Elke mens heeft twee neusbeenderen in het midden van het midden van het gezicht, tussen de frontale processen van de maxillaire (bovenkaak) botten. Deze zitten in het midden van elkaar om de neusbrug te vormen. Neusbeenderen zijn normaal gesproken klein en langwerpig, maar kunnen bij verschillende mensen verschillen in grootte en vorm. De functie van elk neusbeen is om het kraakbeen samen te binden dat individuele neuscontouren en vormen vormt.
Elk neusbeen heeft vier botten die gewrichten vormen: twee schedel en twee gezichtsbeenderen. De schedelbeenderen worden het zeefbeen en frontaal genoemd. De gezichtsbeenderen zijn de bovenkaak en de tegenoverliggende neus. Elk neusbeen heeft vier randen: het superieure, inferieure, laterale en mediale. Elk neusbeen heeft twee oppervlakken: de buitenkant en de binnenkant.
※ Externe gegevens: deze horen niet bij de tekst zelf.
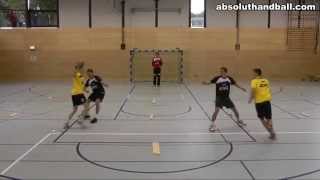 Entrenamiento de balonmano ataqueuno contra uno [upl. by Ydollem]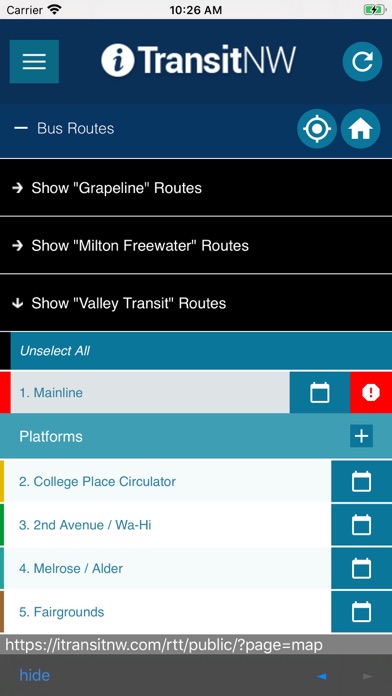 Walla Walla Valley Transit Screenshot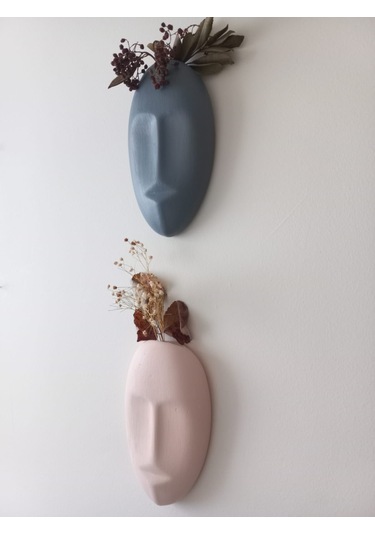 Dekoratif 2'li Yüz Duvar Vazosu, Duvar Süsü ,heykel Aksesuar Gri Bej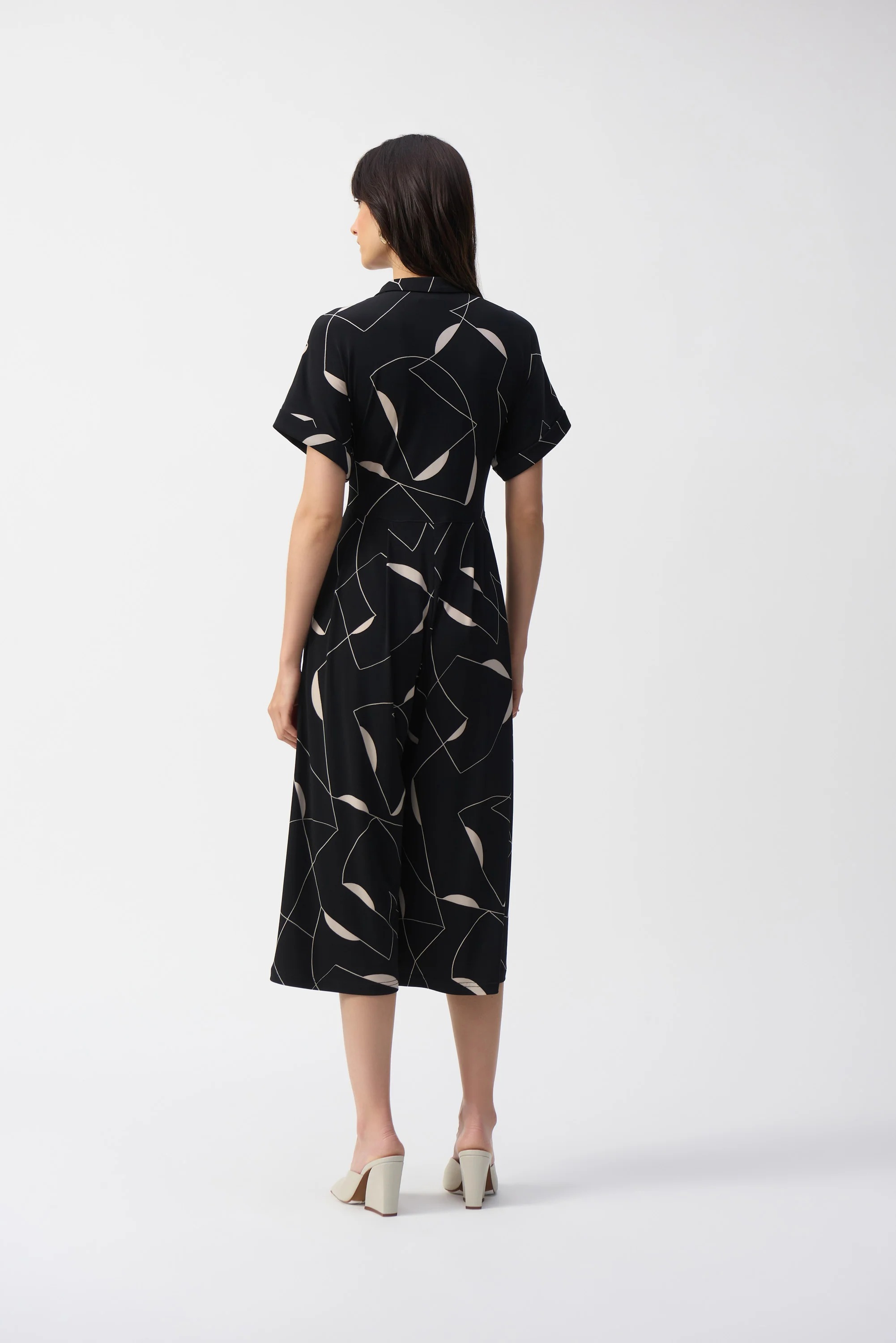 Joseph Ribkoff Black/Moonstone Geometric Print Culotte Jumpsuit Style 251195 - Image 3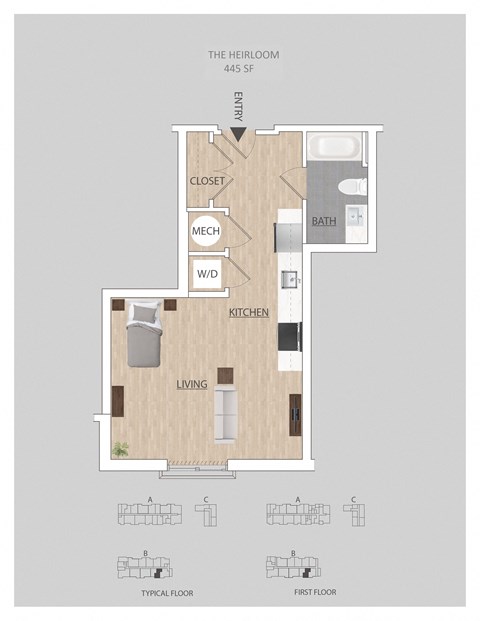 Floor plan for studio, 1 bath, 459 sqft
Het buitenoppervlak van het neusbeen, dat wordt bedekt door de compressor naris en de procerusspieren, is convex (het buigt naar buiten) van de ene naar de andere kant en concavo-convex (buigt aan de ene kant en naar buiten aan de andere kant, zoals een contactlens) van boven naar beneden. Het heeft een gat in het midden, waar een kleine ader doorheen gaat.
Het binnenoppervlak van het neusbeen beweegt naar beneden en heeft een groef die een van de takken van de neuszenuw binnenlaat. Dit oppervlak is concaaf (naar binnen gebogen) van de ene naar de andere kant.